Folha de S. Paulo


Flip começa nesta quarta e projeta cena de poesia do Rio de Janeiro

O Rio de Janeiro continua indo. Ano após ano, os poetas cariocas, fluminenses ou que fizeram carreira na cidade vão ao sul do Estado. E ocupam um espaço considerável na programação da Flip (Festa Literária Internacional de Paraty), que começa nesta quarta (29) e vai até domingo (3).

Desta vez não é diferente. Para começo de conversa, a homenageada, Ana Cristina Cesar (1952-1983) vem de um movimento literário carioca –a poesia marginal. O amigo que a autora deixou responsável por seus escritos, o poeta Armando Freitas Filho, vai abrir os trabalhos na festa.

No resto da programação, os conterrâneos de Ana C. também têm espaço importante. A nova geração está lá. Nesta quinta (30), quando a Flip começa para valer, a primeira mesa reúne as cariocas Laura Liuzzi e Marília Garcia, com a paulistana Annita Costa Malufe –justamente para discutir a obra da poeta marginal, referência importante para essa geração. No sábado (2), é a vez de Ramon Nunes Mello.

E não é algo deste ano apenas. Ao longo da história da Flip, a poesia carioca –ou fluminense– ocupa um espaço importante. Em 2015, a autora mais vendida foi a portuguesa (que morava no Rio) Matilde Campilho, outro nome saído da mesma cena.

Por ali, já passaram também Carlito Azevedo, Antonio Cícero, Chacal, Bruna Beber, Alice Sant'Anna, Mariano Marovatto e tantos outros.

CENA CARIOCA

"Acho que há um ambiente riquíssimo, um aspecto de performance de palco propícia [a eventos literários]", diz Paulo Werneck, curador pela terceira vez da Flip.

Outros fatos contribuem para a cena carioca pulsar. Um deles é a presença de grandes poetas de gerações anteriores que, além de ainda estarem em atividade, também se dedicam a ensinar os mais jovens.

As aulas de poesia de Paulo Henriques Britto, na PUC-Rio, por exemplo, são um celeiro de novos poetas. As oficinas de Carlito Azevedo são outro.

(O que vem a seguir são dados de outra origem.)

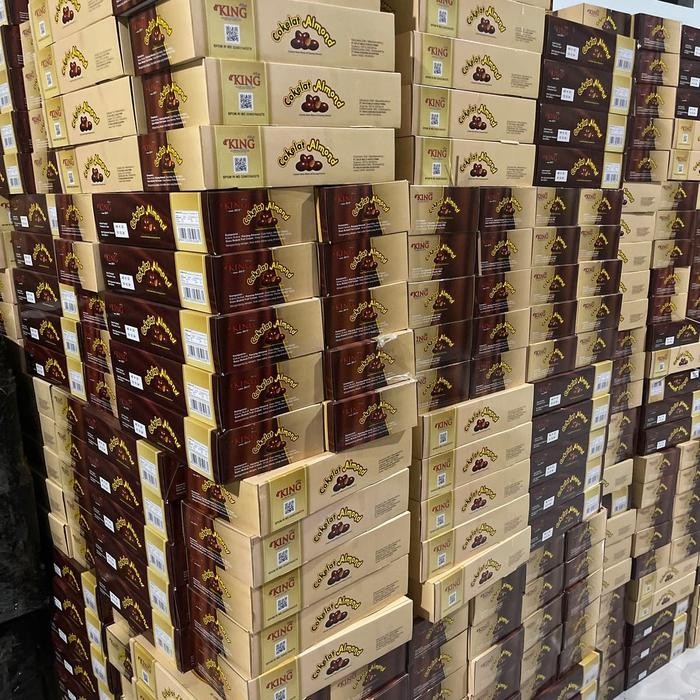 

Sale Dking coklat almond isi 4 toples ( COD ) kacang almond utuh lapis coklat - - Happy Shopping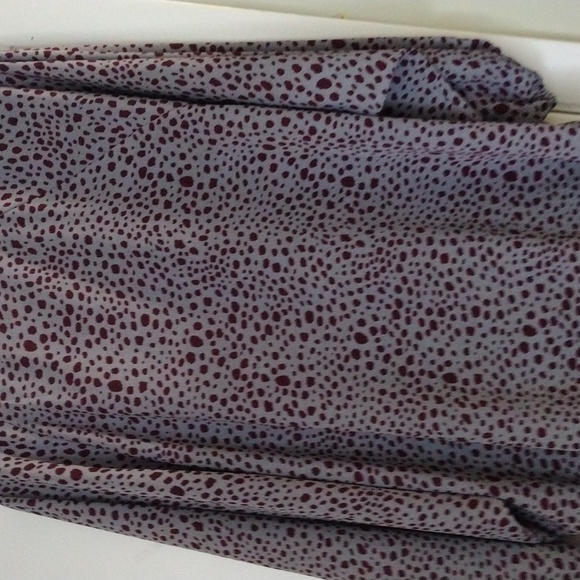 Ee some blouse size large color grey with red - Picture 6 of 6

Eucanaã Ferraz é mais um poeta que costuma andar com os mocinhos e mocinhas da nova poesia –ele é orientador de mestrado de Ramon Nunes Mello. O próprio Armando Freitas Filho é conselheiro dos mais jovens.

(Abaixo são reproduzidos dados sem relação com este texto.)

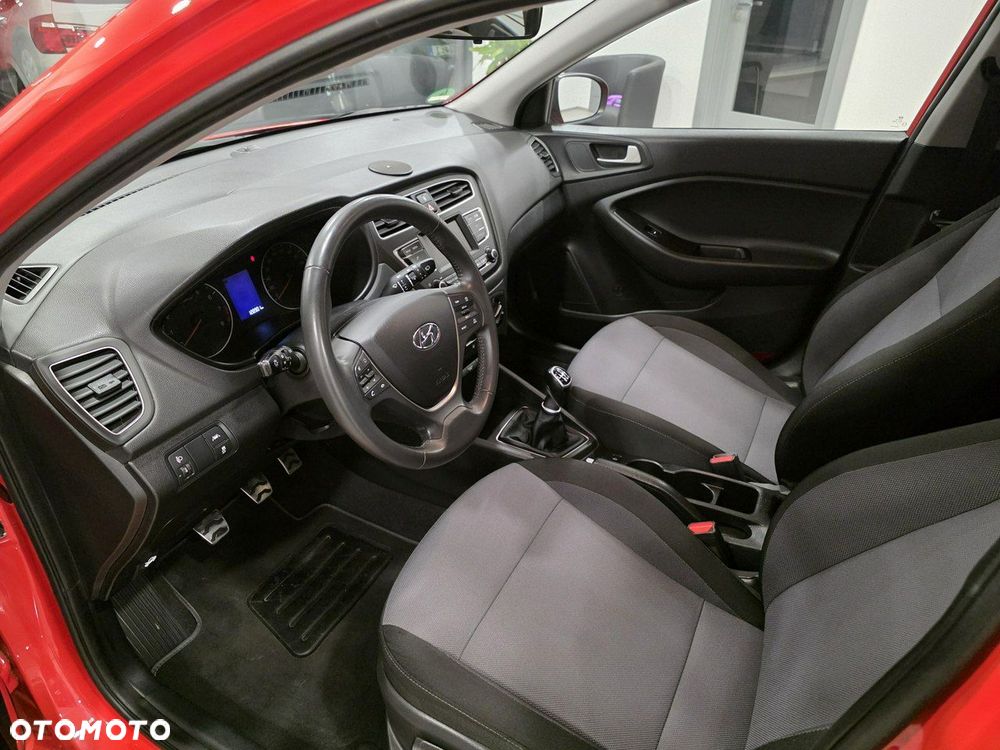 Hyundai i20 blue 1.4 Active Select - 10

"O Armando sempre foi meu primeiro e meu último leitor", conta Laura Liuzzi, que divulga seu "Coisa" (7Letras) durante a Flip.

Já Armando ainda se lembra de quando o pai de Alice Sant'Anna, outra expoente dessa cena, levou a menina para conhecê-lo aos 15 anos. E ele, que até hoje é procurado por jovens, a pegou pela mão.

O paulista Sérgio Cohn, editor da Azougue, uma das casas com foco em poesia sediadas no Rio, tem "uma teoria maluca". "A poesia paulista se voltou para a elite, para as artes visuais. É uma poesia livresca, de leitura mais lenta. No Rio, há uma poesia que não virou puramente literária. São poetas que circulam falando sobre música, artes visuais, cinema..."

"Brinco que a poesia carioca é a precursora do stand-up comedy brasileiro. É uma poesia com um cara sozinho, com impacto imediato", diz.

UNIVERSIDADE

A opinião de Cohn é semelhante a do poeta e professor de literatura brasileira da USP Augusto Massi. "Aqui [em SP] tínhamos uma tradição muito universitária, da USP, e a tradição dos concretos. É um debate que fortalece a própria crítica. É como se no Rio os poetas tivessem liberdade para escrever", diz.

A Flip, não custa lembrar, é um evento para um público geral, não acadêmico.

Sobre esse tema, os parênteses são de Armando Freitas Filho, que não vê nisso um problema: "Eu fico até com inveja. São Paulo tem uma produção universitária, que pode até ser mais fechada agora, mas que resistirá ao tempo. A nossa aqui não tem essa firmeza."

Na cena carioca, entra na balança o papel que teve a editora carioca 7Letras, conhecida por revelar novos poetas –Marília Garcia, por exemplo, trabalhou lá por dez anos. E também o sarau CEP 20.000, organizado por Chacal há mais de 20 anos na capital carioca, por onde muitos nomes da nova geração passaram.

Mesmo no caso dos poetas que não são da cidade, é lá que fica a antena importante de outra convidada deste ano: Heloisa Buarque de Hollanda. Se com "26 Poetas Hoje" (1975), ela ajudou a projetar os poetas marginais para o futuro, depois fez mais duas do tipo: "Esses Poetas" (1998), com autores da década de 1990, e "Enter", com nomes dos anos 2000. Marília Garcia, que fala nesta quinta (30) na mesa 1, já estava lá.